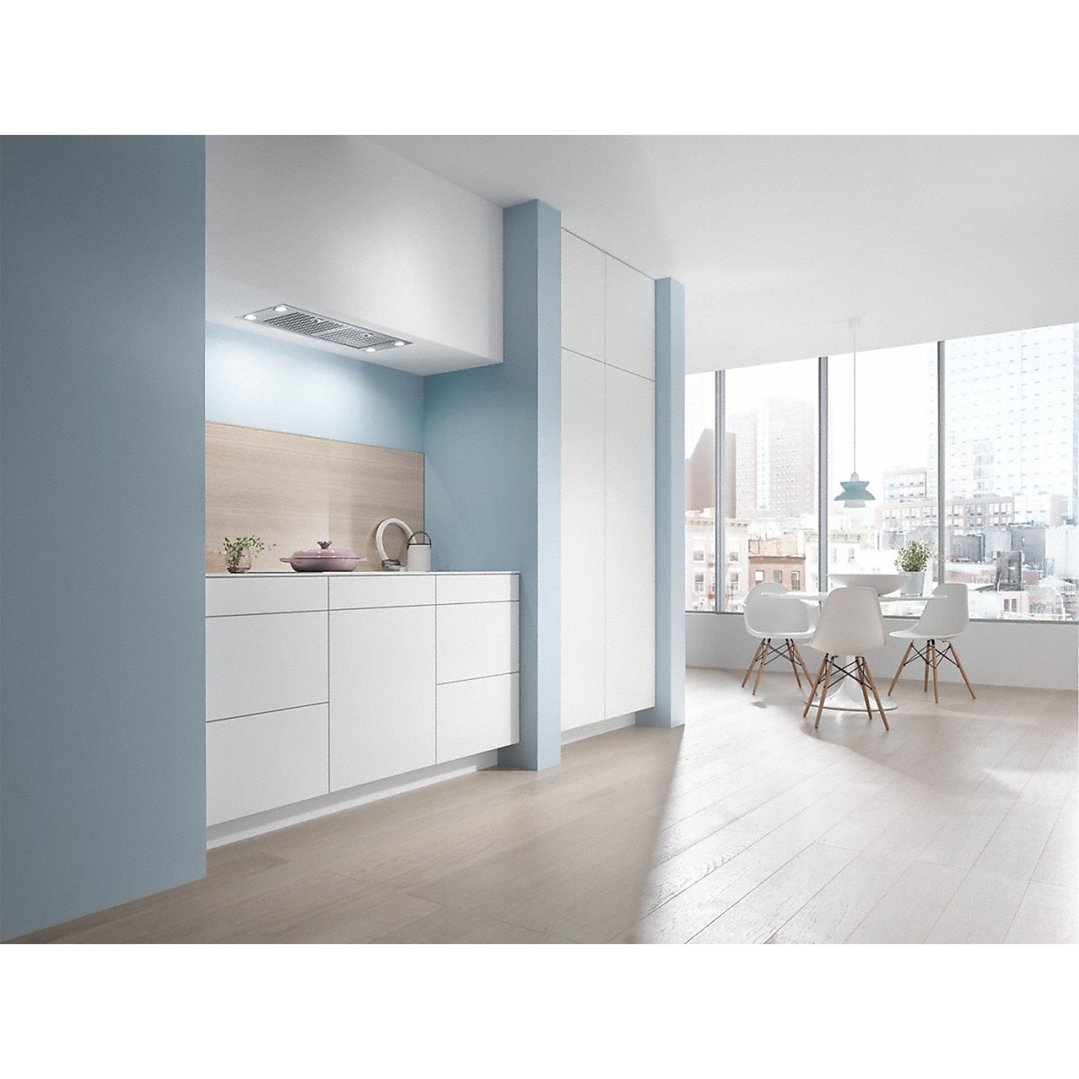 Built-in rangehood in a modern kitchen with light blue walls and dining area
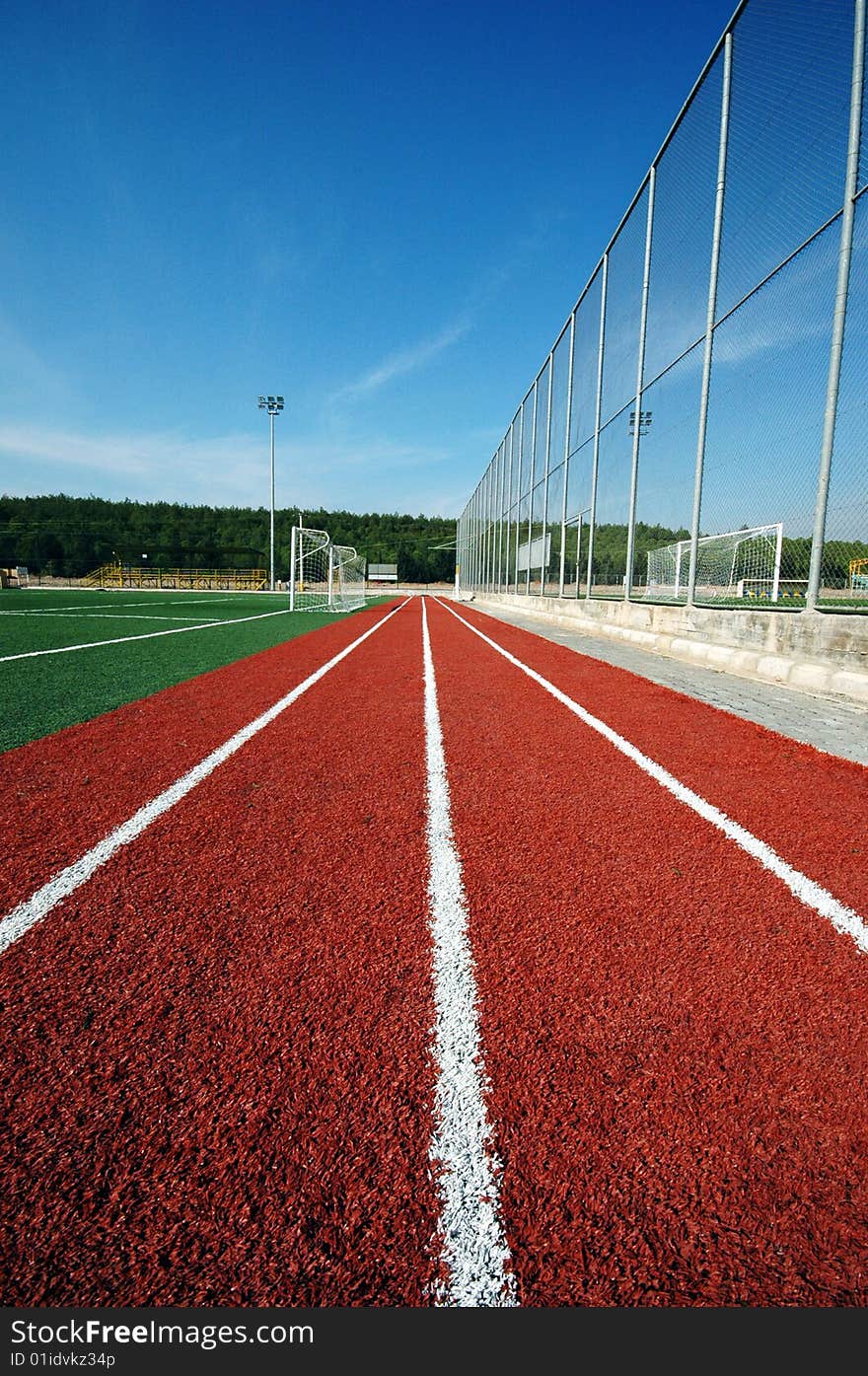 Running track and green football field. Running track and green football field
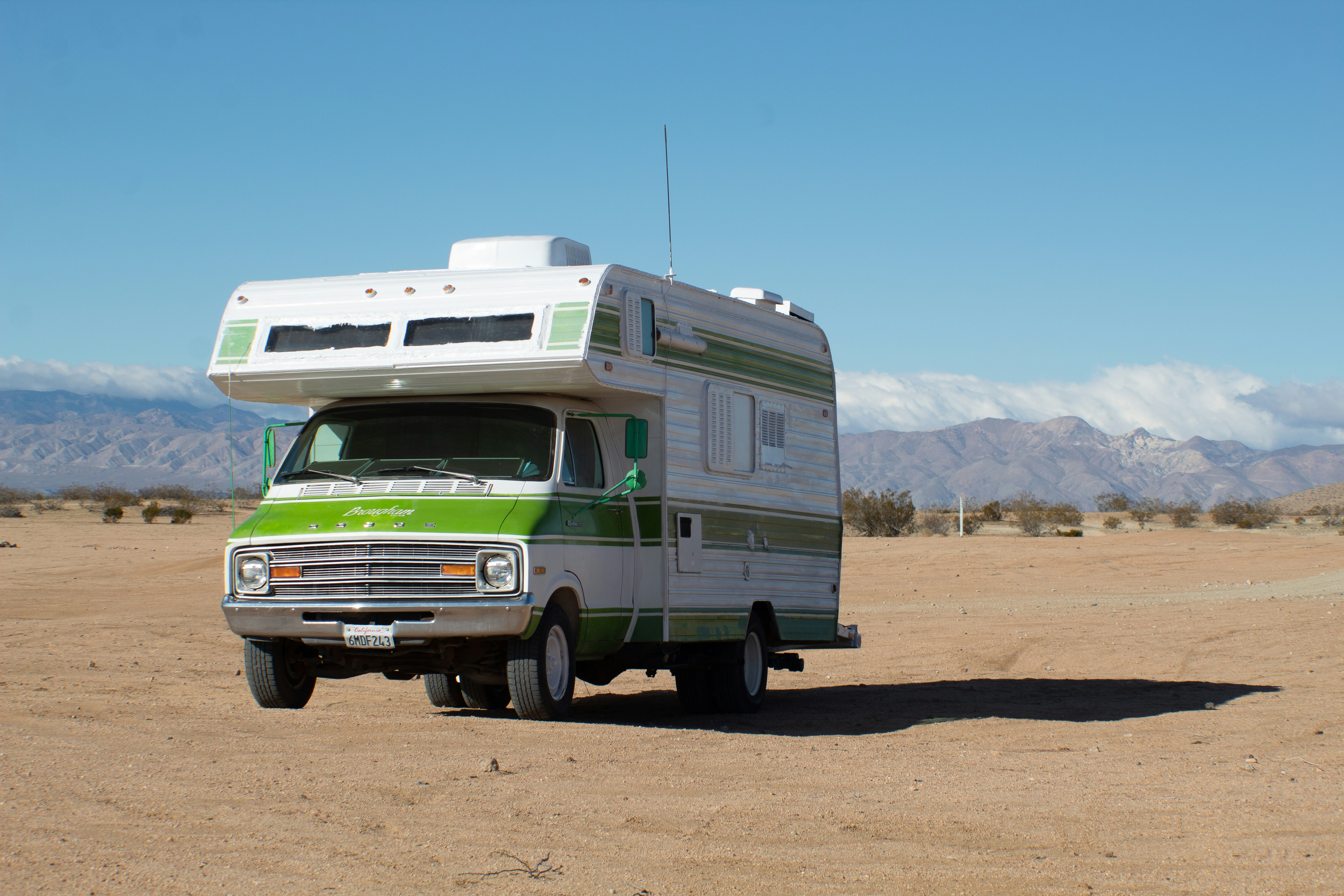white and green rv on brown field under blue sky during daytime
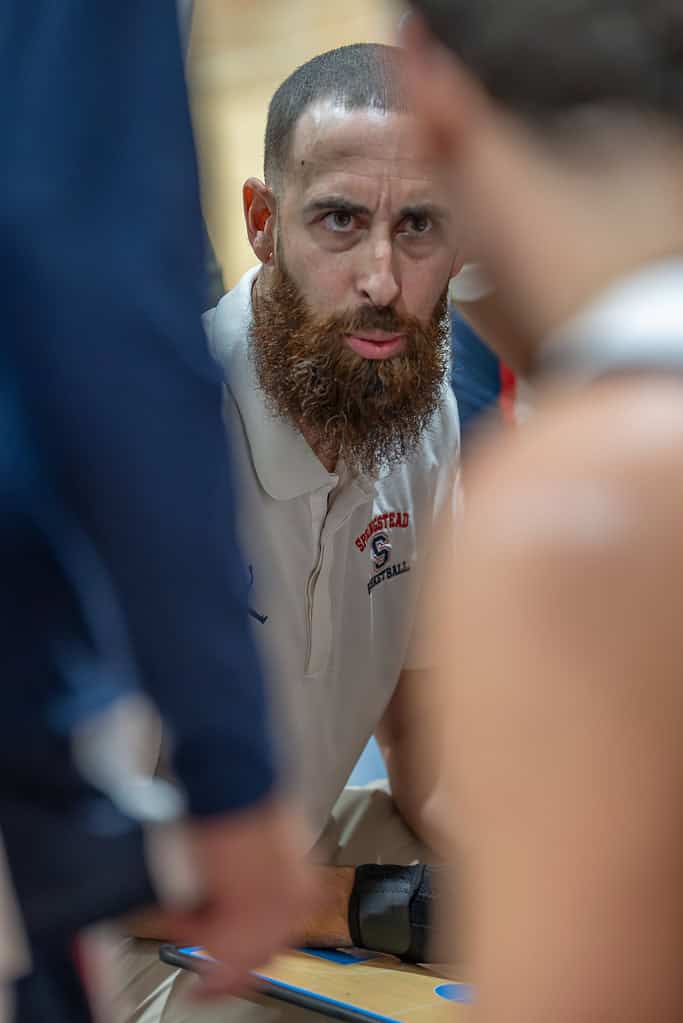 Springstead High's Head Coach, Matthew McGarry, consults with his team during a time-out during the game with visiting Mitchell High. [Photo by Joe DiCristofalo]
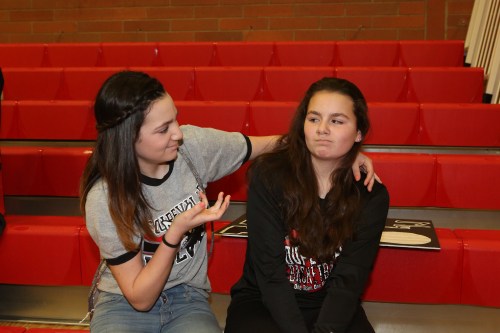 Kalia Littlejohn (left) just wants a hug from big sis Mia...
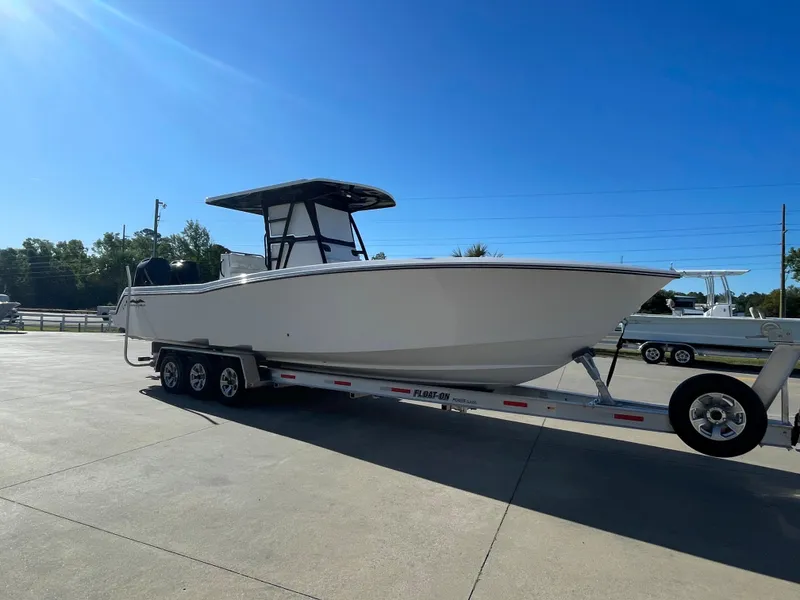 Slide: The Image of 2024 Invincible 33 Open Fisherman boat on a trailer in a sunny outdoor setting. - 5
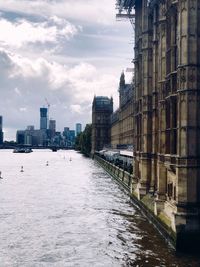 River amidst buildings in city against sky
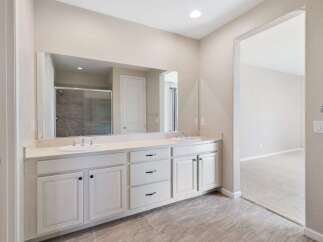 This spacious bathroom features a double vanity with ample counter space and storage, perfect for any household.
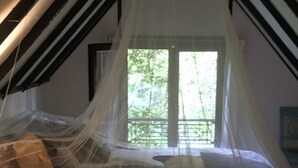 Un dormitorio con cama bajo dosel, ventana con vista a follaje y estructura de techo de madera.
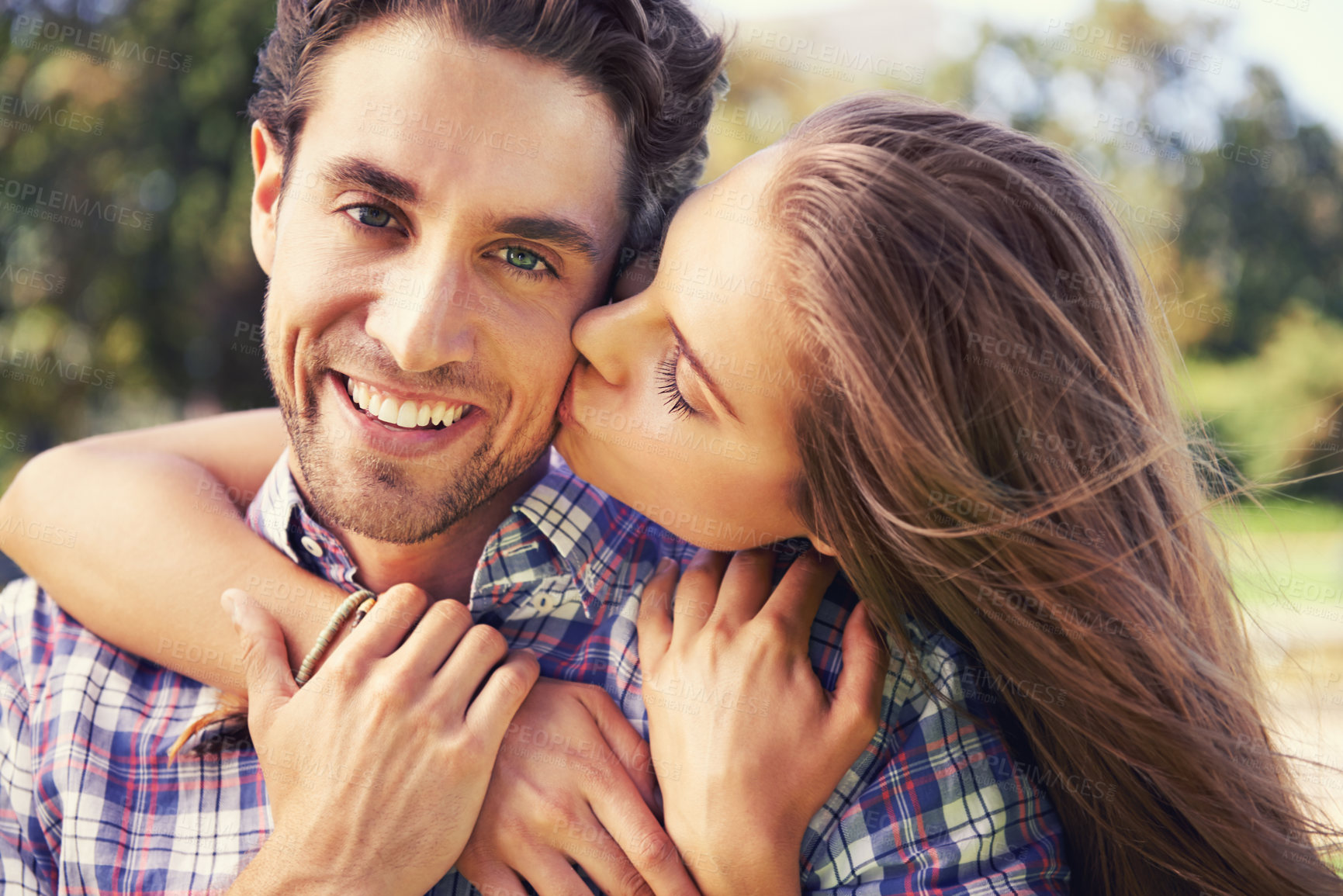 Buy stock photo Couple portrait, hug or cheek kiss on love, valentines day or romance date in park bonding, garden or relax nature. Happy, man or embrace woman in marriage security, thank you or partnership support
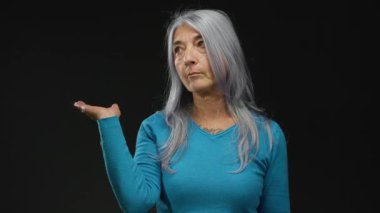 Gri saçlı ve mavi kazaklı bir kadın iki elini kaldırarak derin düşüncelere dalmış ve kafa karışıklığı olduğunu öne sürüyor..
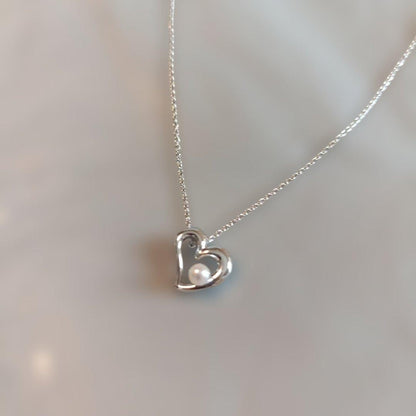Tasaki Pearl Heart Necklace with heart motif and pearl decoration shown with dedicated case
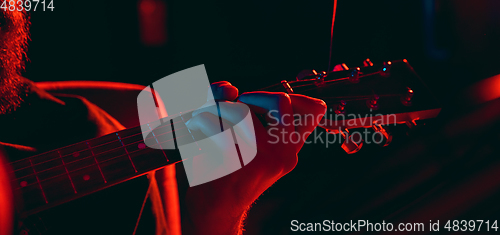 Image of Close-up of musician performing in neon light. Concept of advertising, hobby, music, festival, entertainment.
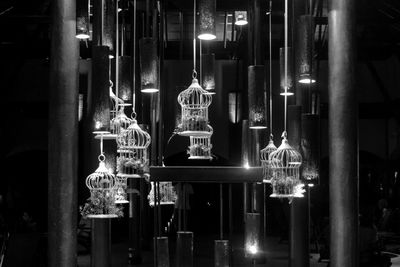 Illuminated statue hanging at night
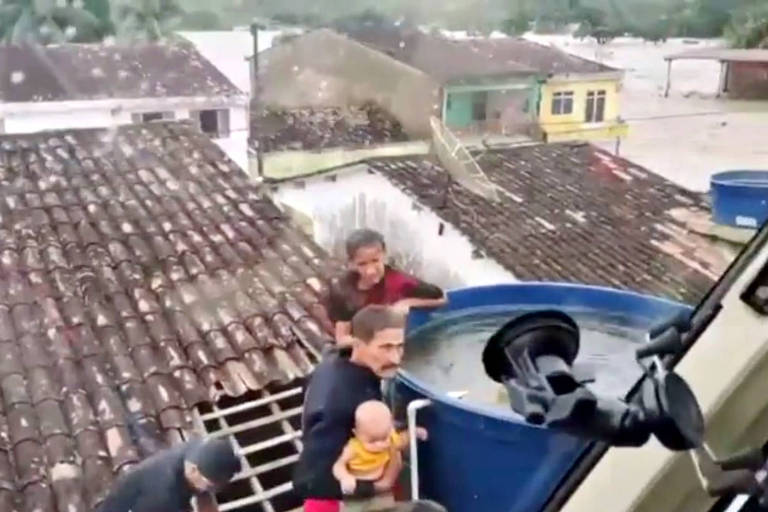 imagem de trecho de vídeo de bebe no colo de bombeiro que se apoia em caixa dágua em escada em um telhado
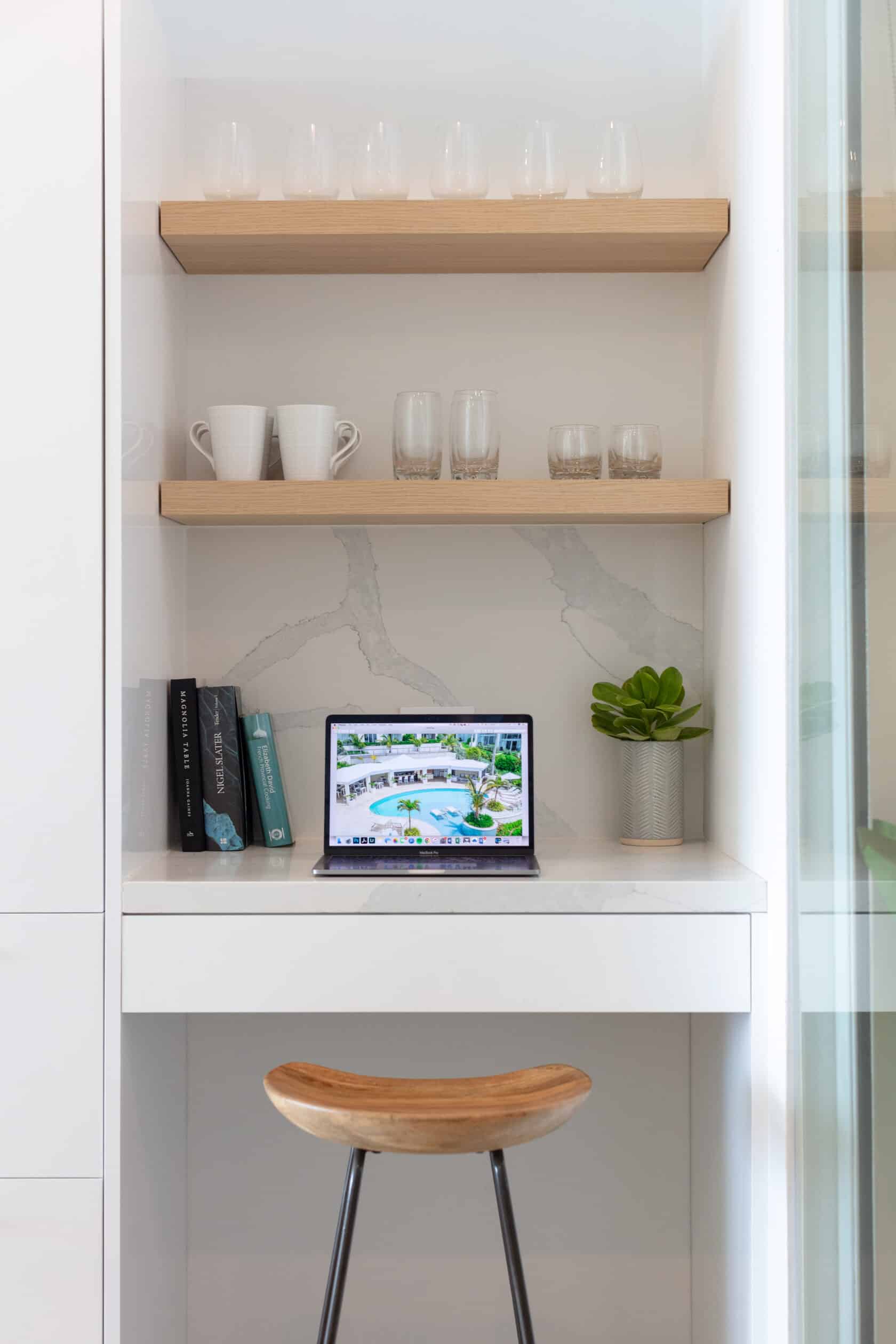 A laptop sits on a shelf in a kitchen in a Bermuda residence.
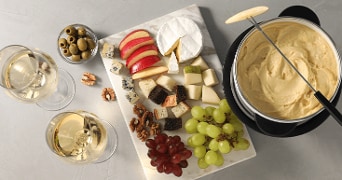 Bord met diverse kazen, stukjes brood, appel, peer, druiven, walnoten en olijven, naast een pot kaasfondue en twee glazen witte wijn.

-- -- --

§ **WHAT THE EXERCISE ASKS**
Starting at the line above that has "Un dormitorio con" and ending at the line that has "imagem de trecho", copy each line exactly, leaving the pictures out and adding nothing.

§ **YOUR SOLUTION**
 Un dormitorio con cama bajo dosel, ventana con vista a follaje y estructura de techo de madera.
 Buy stock photo Couple portrait, hug or cheek kiss on love, valentines day or romance date in park bonding, garden or relax nature. Happy, man or embrace woman in marriage security, thank you or partnership support
 Gri saçlı ve mavi kazaklı bir kadın iki elini kaldırarak derin düşüncelere dalmış ve kafa karışıklığı olduğunu öne sürüyor..
Tasaki Pearl Heart Necklace with heart motif and pearl decoration shown with dedicated case
 Image of Close-up of musician performing in neon light. Concept of advertising, hobby, music, festival, entertainment.
 Illuminated statue hanging at night
 imagem de trecho de vídeo de bebe no colo de bombeiro que se apoia em caixa dágua em escada em um telhado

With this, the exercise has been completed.